Senator Eric Schmitt has pulled back the curtain on what he calls a “Visa Cartel” that, he says, is costing Americans their jobs and hollowing out the middle class. His recent social media thread didn’t read like policy wonk-speak — it read like an accusation: companies are laying off American workers and routing jobs through a stacked pipeline of H-1B, L-1, F-1 and OPT visas to save money. That claim deserves a hard look, because if it’s true, it explains a lot about stalled wages and disappeared career paths for everyday Americans.
Schmitt’s claim: lay offs, cheaper foreign labor, and a “Visa Cartel”

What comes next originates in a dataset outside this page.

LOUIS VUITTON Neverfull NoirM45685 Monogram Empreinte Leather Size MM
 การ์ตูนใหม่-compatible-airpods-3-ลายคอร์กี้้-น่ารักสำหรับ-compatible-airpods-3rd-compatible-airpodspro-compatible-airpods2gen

Senator Schmitt argues that a lot of firms are replacing U.S. workers with visa holders who are paid below-market wages. He points to data showing many H-1B hires who replaced laid-off Americans receiving below-median salaries. The story he tells is blunt: companies save money by hiring cheaper foreign labor, often through networks of recruiters, petition filers, payroll shops and placement firms working under one roof. It’s not just about talent shortages — it’s about a structured pipeline that routes jobs away from Americans.
Universities, tech contractors, and the pipeline in plain sight
The labeling changes the game. Schmitt highlights examples in higher education and tech where H-1B and L-1 roles are advertised frequently, sometimes with higher title salaries for foreign hires but lower starting pay for U.S. applicants. Big tech contractors are accused of letting foreign applicants share interview answers and funneling jobs through outsourcing chains. Whether you call it gaming the system or organized labor arbitrage, the result is the same: fewer real openings for American grads, engineers, and middle-class workers trying to get ahead.
Why Americans should care: wages, AI training, and the hollowed middle
What sounds like corporate efficiency is actually wage suppression. When companies can replace an American employee with a visa worker paid less, the pressure goes on overall pay standards. Schmitt even warns that Americans are subsidizing AI training abroad as part of the same scheme — training that ultimately helps automate and replace U.S. jobs. That’s not an abstract policy debate. It’s a pocketbook issue that hits people who buy groceries, pay mortgages, and hope their kids can stay in the same town and find decent work.
Fixes worth demanding and the political truth
If Schmitt is right, the solution is both simple and radical: close the loopholes, enforce wage floors, and make sure Americans get first dibs on the jobs in their own country. A high visa fee from the previous administration won’t stop networks of recruiters and shell entities from gaming the system. Congress needs to tighten oversight, regulators must audit the pipelines, and employers should be compelled to prove they genuinely searched the U.S. labor pool. Call it common-sense patriotism — or call it reclaiming the American job market from a parasitic cartel that treats workers like line items on a balance sheet.